# Single wall vent {PIC}



## ICE (Aug 27, 2011)

Would you allow either of these?

The single wall stops a few inches into the Transite.







The single wall is through the Transite and above the roof.


----------



## Msradell (Aug 27, 2011)

Don't really like either one of them but in reality I really don't see any major problems with the second one of them possible rain leakage.  The first one appears to have a large potential for fume leakage back into the building through the joint.


----------



## pete_t (Aug 28, 2011)

*2010 CALIFORNIA MECHANICAL CODE*

Not sure about the occupancy in Picture 1.

Picture 1

*802.7.4 Installation with Appliances Permitted by*

*Section 802.4.1*.

*802.7.4.1 Prohibited Use*. Single-wall metal pipe

shall not be used as a vent in dwellings and residential

occupancies. [NFPA 54-09:12.8.4.1]

*802.7.4.2* Single-wall metal pipe shall be used only

for runs *directly from the space in which the appli-*

*ance is located* through the roof or exterior wall to

the outer air. A pipe passing through a roof shall

extend without interruption through the roof

flashing, roof jacket, or roof thimble. [NFPA

54: 12.8.4.1]

And

TABLE 8-2

CLEARANCE FOR CONNECTORS

[NFPA 54: TABLE 12.8.4.4]

(6 in clearance required to the insulation)

Picture 2

802. 7 Single-Wall Metal Pipe[/b].

802.7.1 Construction.
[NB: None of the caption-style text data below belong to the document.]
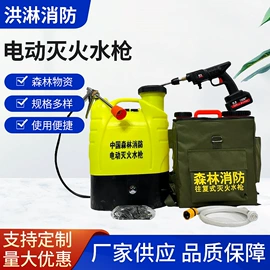 其他灾害防护;其他安全设备;其他消防设备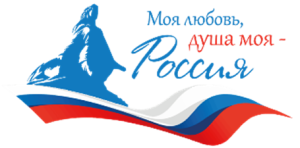 Всероссийский гражданско-патриотический диктант «Моя любовь, душа моя - Россия!»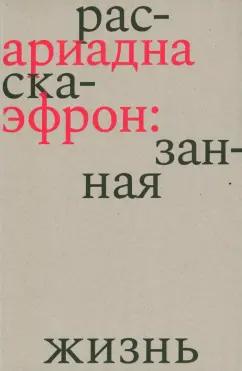 Бослен | Елена Коркина: Ариадна Эфрон. Рассказанная жизнь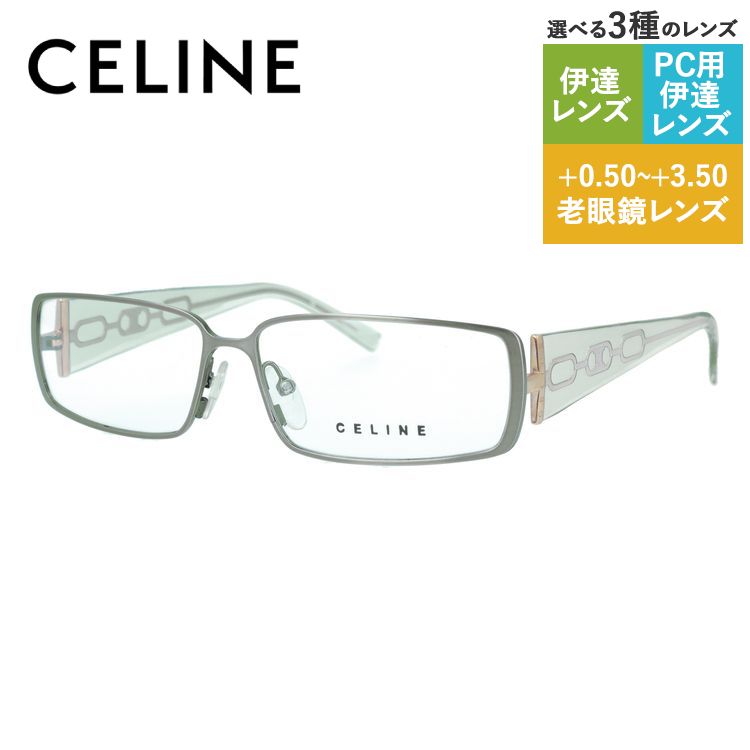 セリーヌ メガネフレーム  おしゃれ老眼鏡 PC眼鏡 スマホめがね 伊達メガネ リーディンググラス 眼精疲労 CELINE VC1308M 0SD4 56サイズ レディース ブラゾン アイコン ロゴ プレゼント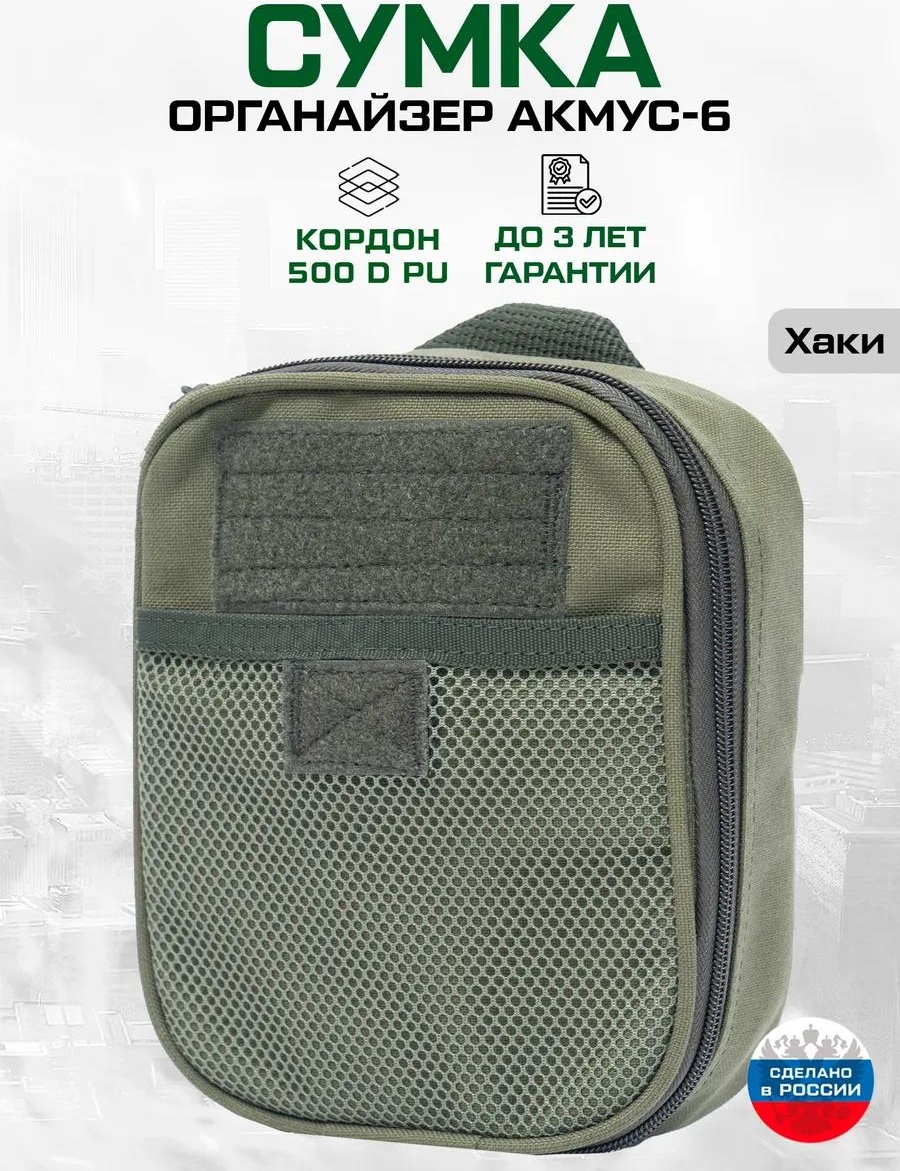 Ящик для инструментов 5x15x20 см, картон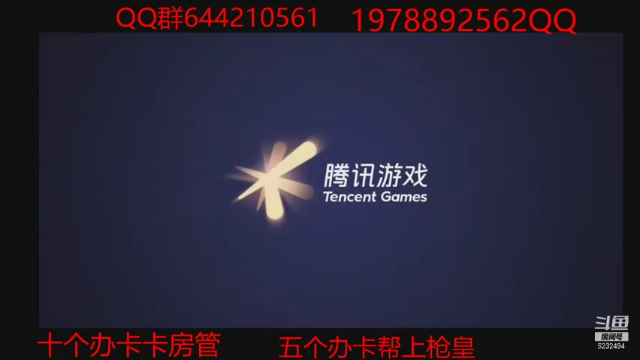 【2021-06-29 21点场】广仔丫：组队上车快来哦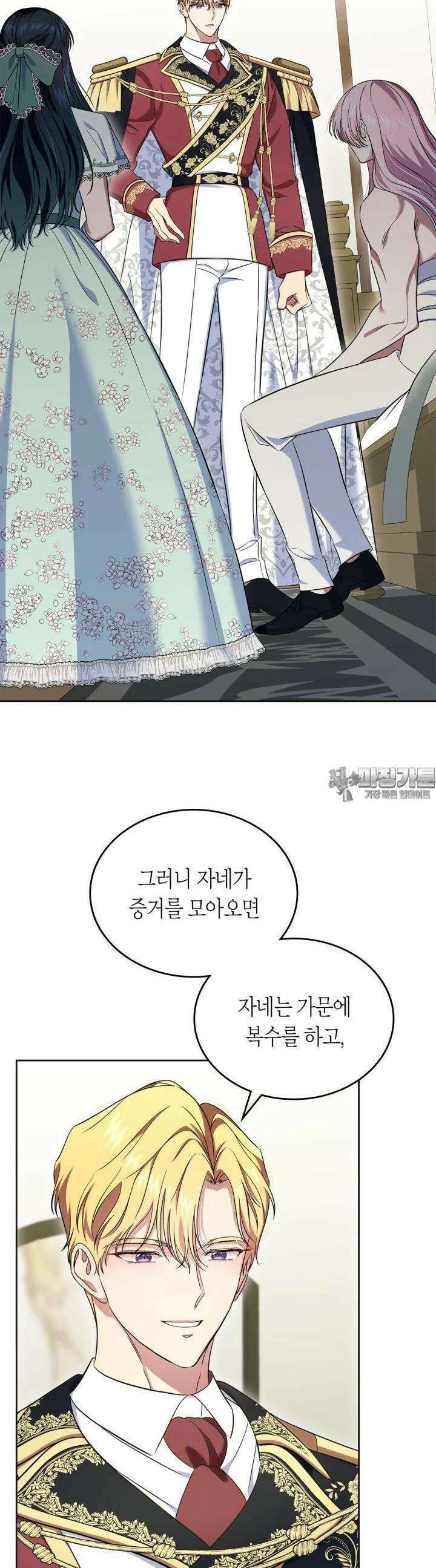 여주의 첫사랑을 빼앗아 버렸다 62화 5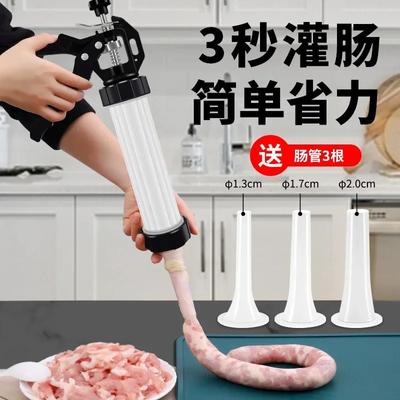 Insaccatrice Stuffer Pistola per Jerky Manuale Siringa per Carne Strumento Fatto in Casa Casalingo Piccolo Riempitore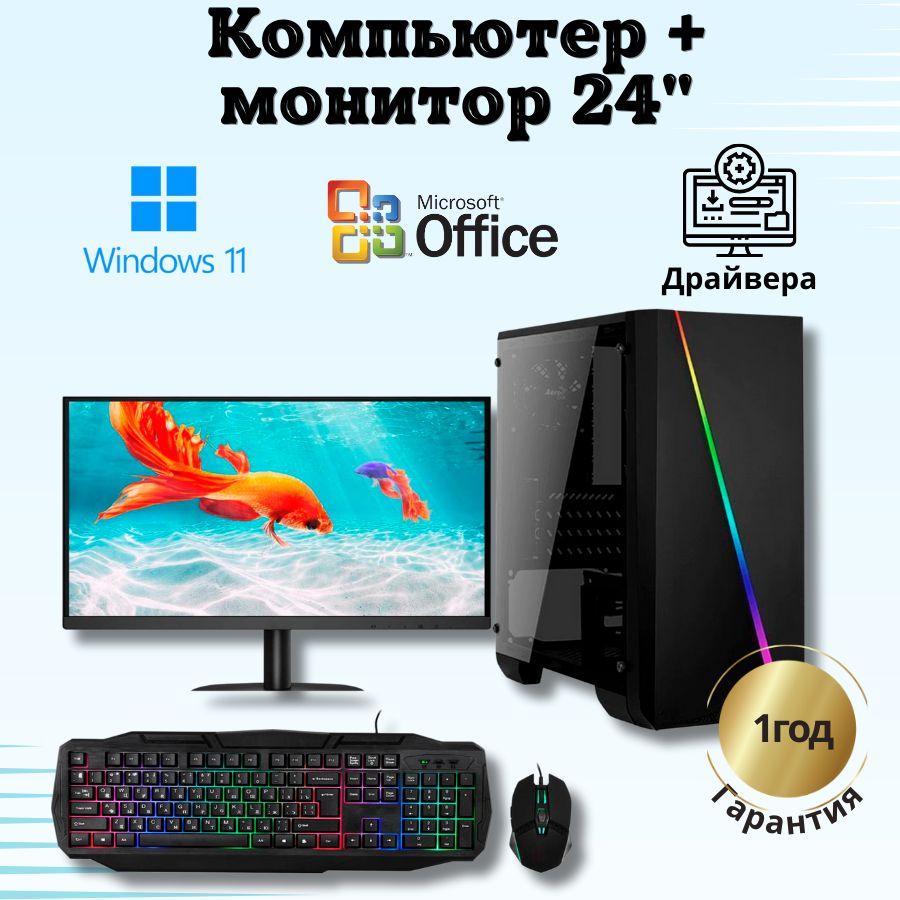 

Системный блок Компьютерс i7 3770/RX 580 8ГБ/16 ГБ/SSD-512 ГБ + Монитор 24", КК46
Single-wall metal pipe shall be

constructed of *galvanized sheet* steel not less than 0.0304

inch (0.7 mm) thick or of other approved, noncombustible,

corrosion-resistant material. [NFPA 54: 12.8.1]


----------



## mark handler (Aug 28, 2011)

Both pictures are very common in houses built in the late forties and early fifties.


----------



## Pcinspector1 (Aug 30, 2011)

We see 26 gauge metal protecting the rafter or double wall with the 1" clearance here most of the time.

Is Transite (abestos) still allowed by code if left alone?

pc1


----------



## ICE (Aug 31, 2011)

Transite can be left in place and metal vent can pass through it.  The FAU installation instructions that I have read will not allow it to be used as a vent because it doesn't heat up and facilitate a draft the same as steel vent.  Additionally, induced draft vented appliances require a tighter seal than Transite provides.  Poorly sealed gravity vent may not be an issue as the leak allows cold air to enter the vent much the same as a draft hood and facilitates the draft.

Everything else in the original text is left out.